» What you need to do
Reproduce each line of the material exactly, minus any picture.

» Task input
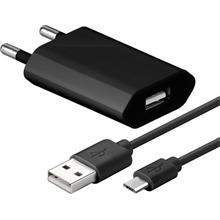 goobay Napájecí a nabíjecí adaptér 230V na USB, ultra slim, 1A s USB micro kabelem 1m ,černý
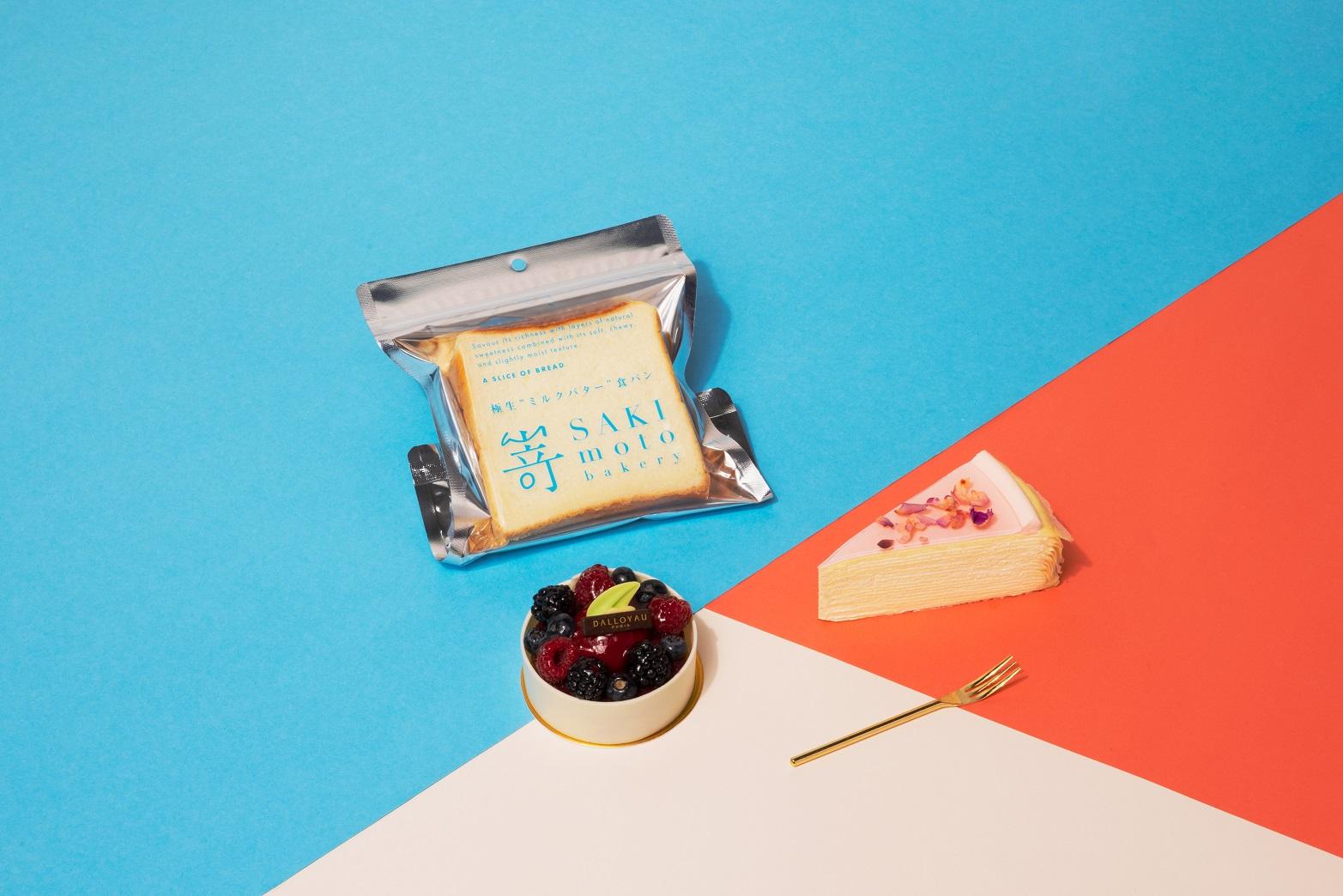 特選甜點組合 2│DALLOYAU 件裝蛋糕 (HK$68)、Lady M New York 件裝蛋糕 (HK$78)、SAKImoto Bakery 單片裝生吐司 (HK$26)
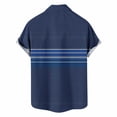 thumbnail image 5 of Telankuip Mens Hawaiian Style Print Shirts Summer Lapel Button down Short Sleeve Casual Style Shirt Loose Lightweight Breathable Beach Vacation and Daily Wear 8-Dark Blue XL, 5 of 5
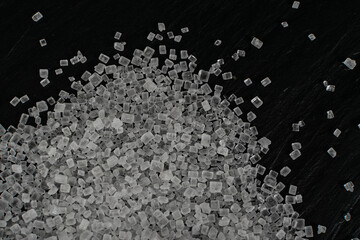 Big Sugar Crystals or Sucrose Crystals on Black Background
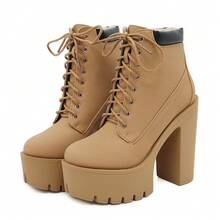 Gdgydh Fashion Spring Autumn High Heels Ankle Boots For Women Lace Up Thick Heel Platform Boots Yellow Women's Chunky Heeled Short Boots - Yellow - View 14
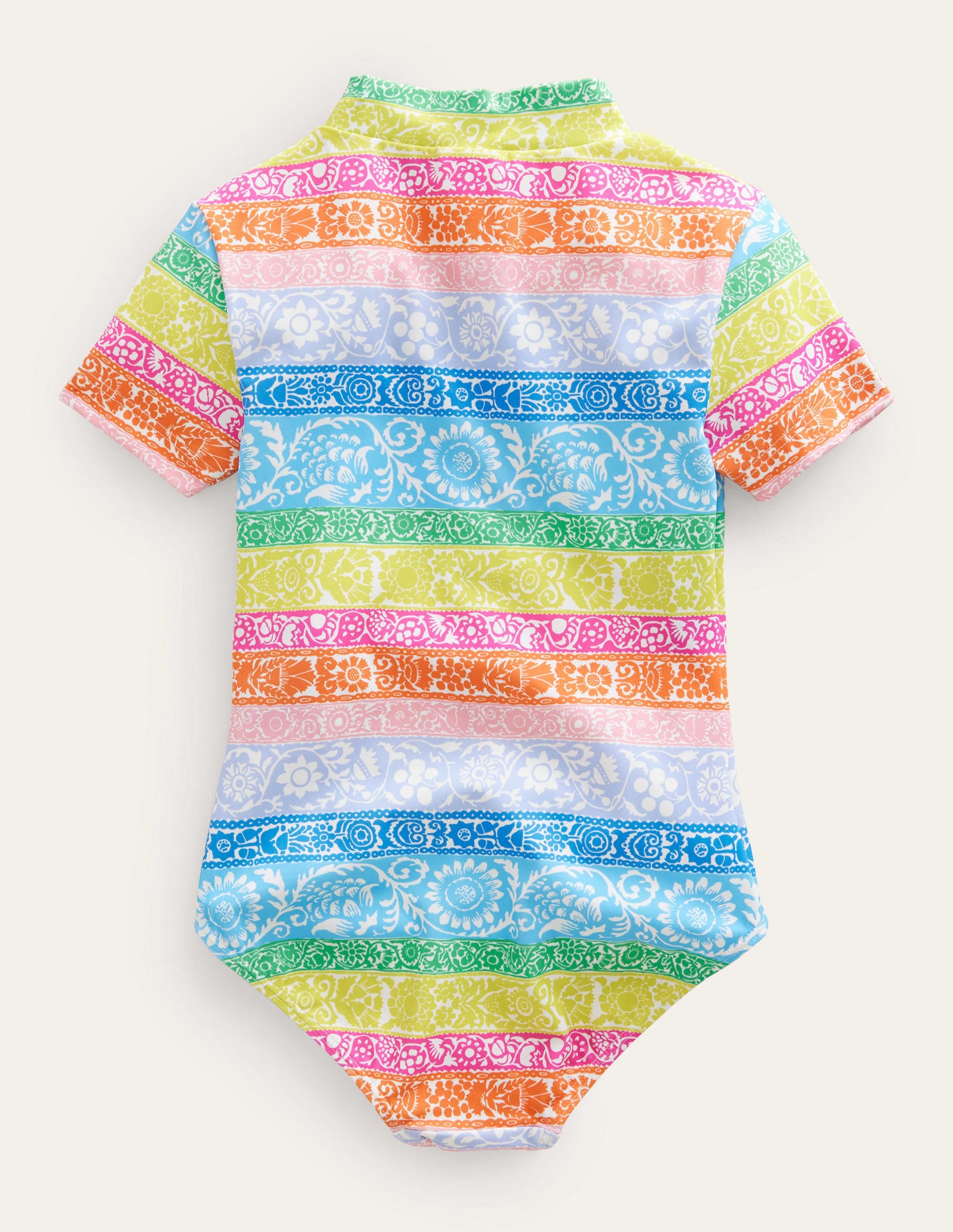 Maillot de bain à manches courtes-Ivoire, rayé papier-peint multicolore - Image 2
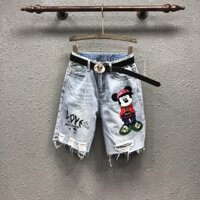 Quần Jeans Rách Lưng Cao Họa Tiết Hoạt Hình Thời Trang Dành Cho Nữ 31135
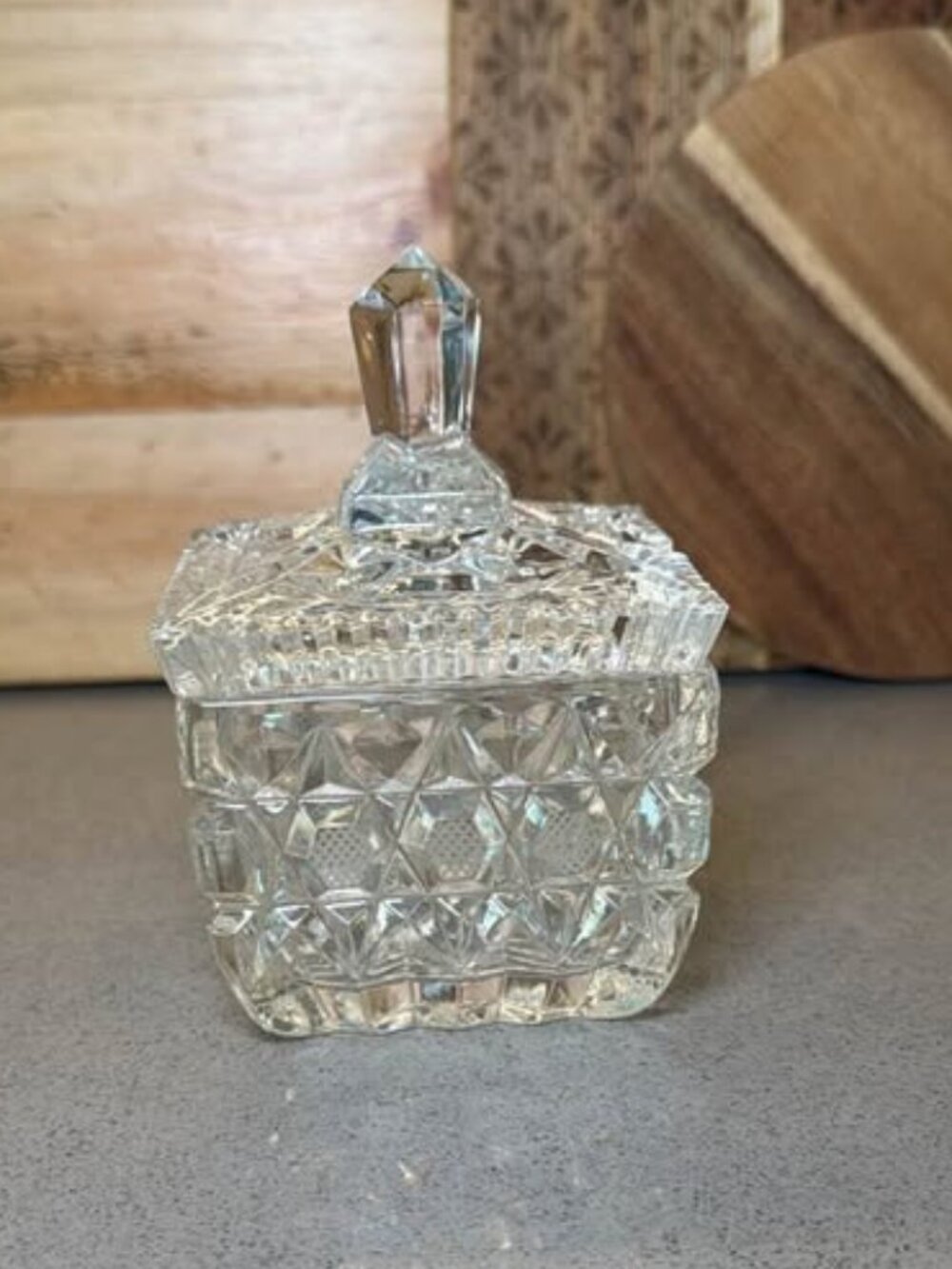 Vintage Square Pressed Glass sugar bowl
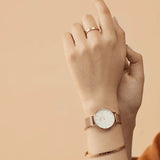 Buy Shop Daniel Wellington Petite Melrose White Dial Rose Gold Mesh Strap Watch For Women - DW00100305 USA Online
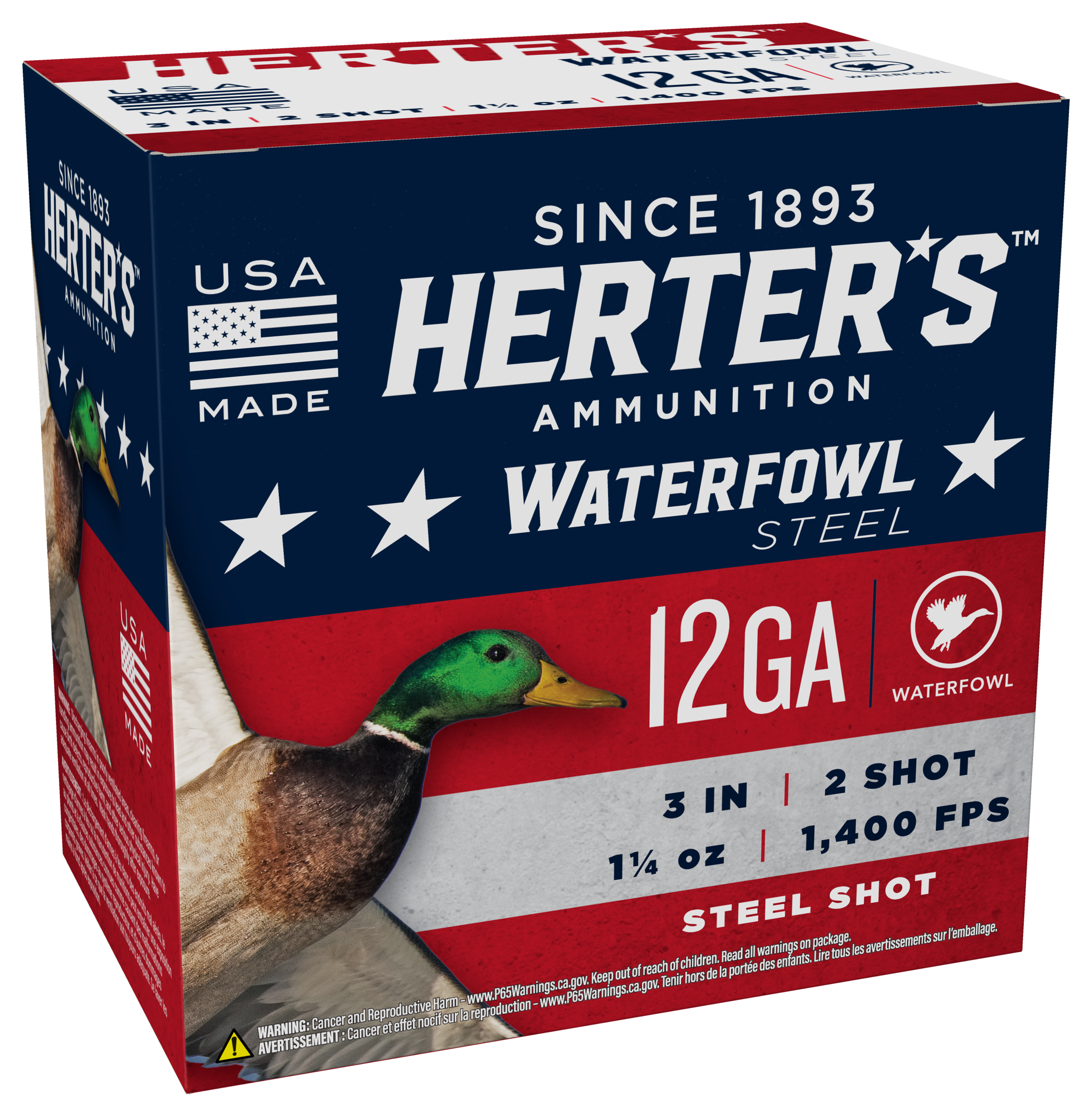 Herter's Waterfowl Steel Shotgun Shells - 12 Gauge - #2 - 1-1/4 oz. - 250 Rounds - Herter's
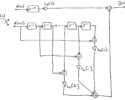 Figure 4: The PFB half band filter structure after folding the even-symmetric filter weights hA[n] and ignoring the zero weights in hB[n].
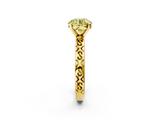 Yellow gold Fancy Yellow Round  Solitaire Engagement Ring with Scrollwork Band and Four-Prong Setting_2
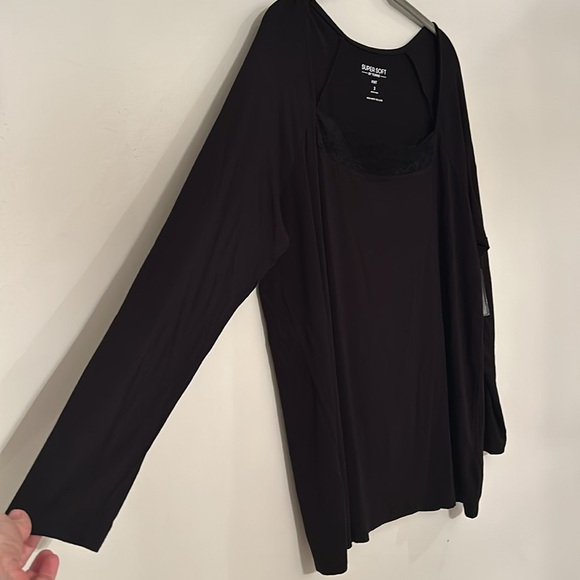 NWT Torrid 2 Super Soft Jersey Knit Lace Insert Top - Picture 7 of 9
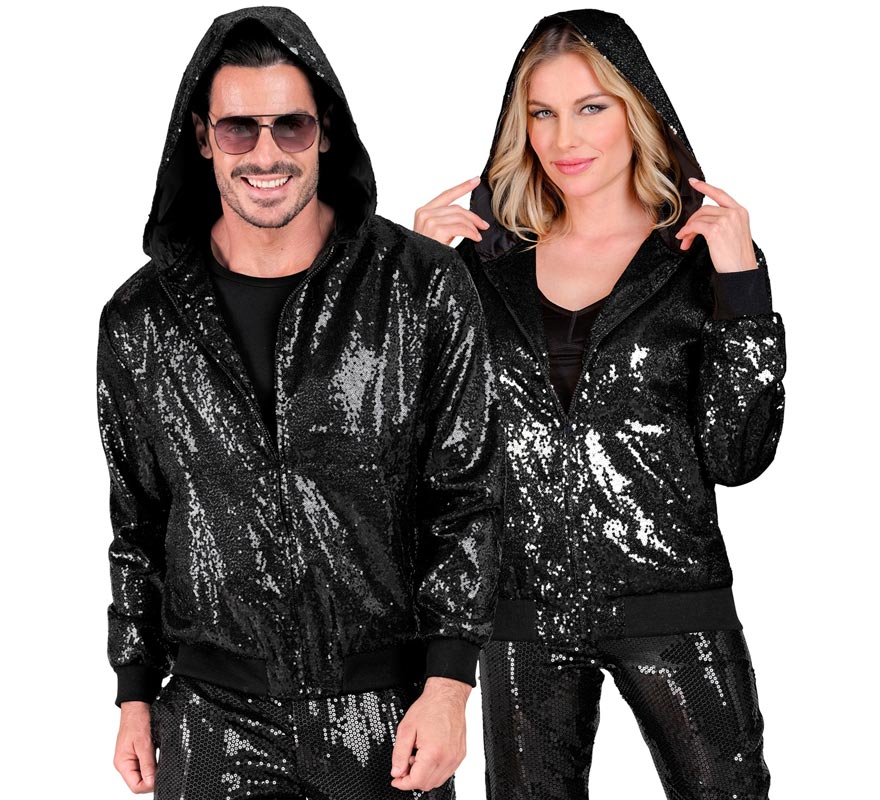 Translation missing: fr.Bomber Moda negro con capucha y lentejuelas para adulto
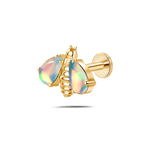 Piercing orecchio/naso/bocca ape regina piccola multicolor in oro - NovaNavel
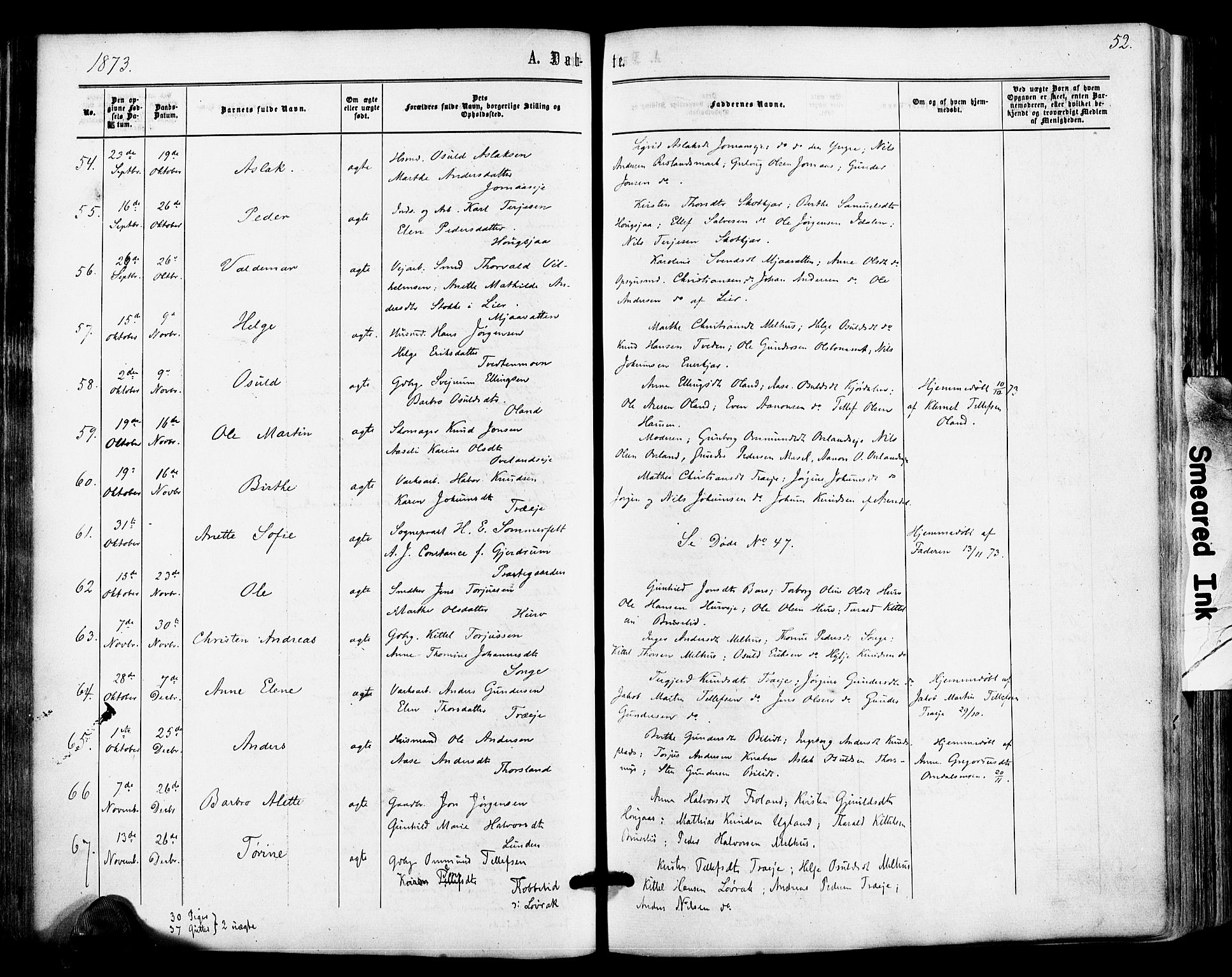 Froland sokneprestkontor, AV/SAK-1111-0013/F/Fa/L0003: Parish register (official) no. A 3, 1864-1881, p. 52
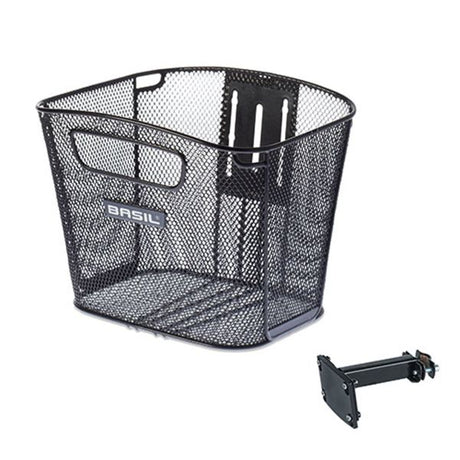 Basil Bold Front FM - Panier à vélo - Premièrement - y compris le support de tige FM de basilic - noir
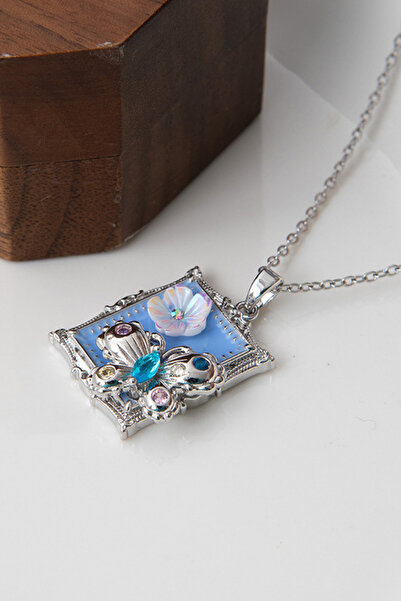 Parantez Aksesuar Artistic Frame Steel Necklace with Butterfly and Flower Detail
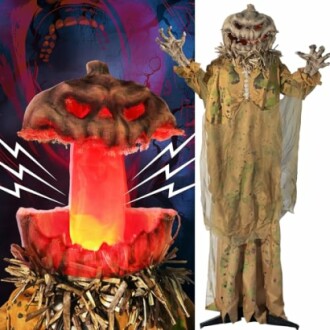 Glowing pumpkin monster decoration with eerie lighting and tattered clothing.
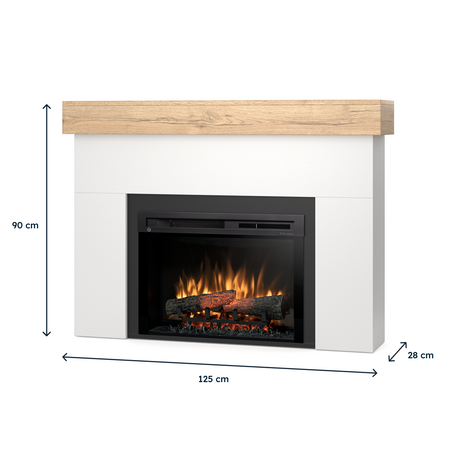 Warmtec Aven wkład Dimplex 26" XHD Optiflame - biały mat, jasny dąb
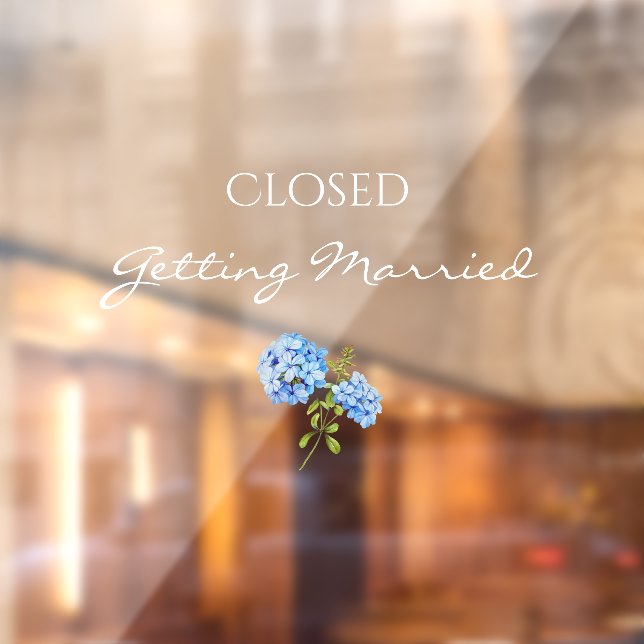 Vinilos Para Cristales Hidrangea floral cerrada al casarse Boda (Hoja 2)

» Task result
 goobay Napájecí a nabíjecí adaptér 230V na USB, ultra slim, 1A s USB micro kabelem 1m ,černý
 特選甜點組合 2│DALLOYAU 件裝蛋糕 (HK$68)、Lady M New York 件裝蛋糕 (HK$78)、SAKImoto Bakery 單片裝生吐司 (HK$26)
 thumbnail image 5 of Telankuip Mens Hawaiian Style Print Shirts Summer Lapel Button down Short Sleeve Casual Style Shirt Loose Lightweight Breathable Beach Vacation and Daily Wear 8-Dark Blue XL, 5 of 5
 Big Sugar Crystals or Sucrose Crystals on Black Background
 Gdgydh Fashion Spring Autumn High Heels Ankle Boots For Women Lace Up Thick Heel Platform Boots Yellow Women's Chunky Heeled Short Boots - Yellow - View 14
 Maillot de bain à manches courtes-Ivoire, rayé papier-peint multicolore - Image 2
 Quần Jeans Rách Lưng Cao Họa Tiết Hoạt Hình Thời Trang Dành Cho Nữ 31135
 Vintage Square Pressed Glass sugar bowl
 Buy Shop Daniel Wellington Petite Melrose White Dial Rose Gold Mesh Strap Watch For Women - DW00100305 USA Online
 Herter's Waterfowl Steel Shotgun Shells - 12 Gauge - #2 - 1-1/4 oz. - 250 Rounds - Herter's
 Figure 4: The PFB half band filter structure after folding the even-symmetric filter weights hA[n] and ignoring the zero weights in hB[n].
 Yellow gold Fancy Yellow Round  Solitaire Engagement Ring with Scrollwork Band and Four-Prong Setting_2
 NWT Torrid 2 Super Soft Jersey Knit Lace Insert Top - Picture 7 of 9
 Translation missing: fr.Bomber Moda negro con capucha y lentejuelas para adulto
 Piercing orecchio/naso/bocca ape regina piccola multicolor in oro - NovaNavel
 Froland sokneprestkontor, AV/SAK-1111-0013/F/Fa/L0003: Parish register (official) no. A 3, 1864-1881, p. 52
 Basil Bold Front FM - Panier à vélo - Premièrement - y compris le support de tige FM de basilic - noir
 Parantez Aksesuar Artistic Frame Steel Necklace with Butterfly and Flower Detail
 Glowing pumpkin monster decoration with eerie lighting and tattered clothing.
 Warmtec Aven wkład Dimplex 26" XHD Optiflame - biały mat, jasny dąb
 Vinilos Para Cristales Hidrangea floral cerrada al casarse Boda (Hoja 2)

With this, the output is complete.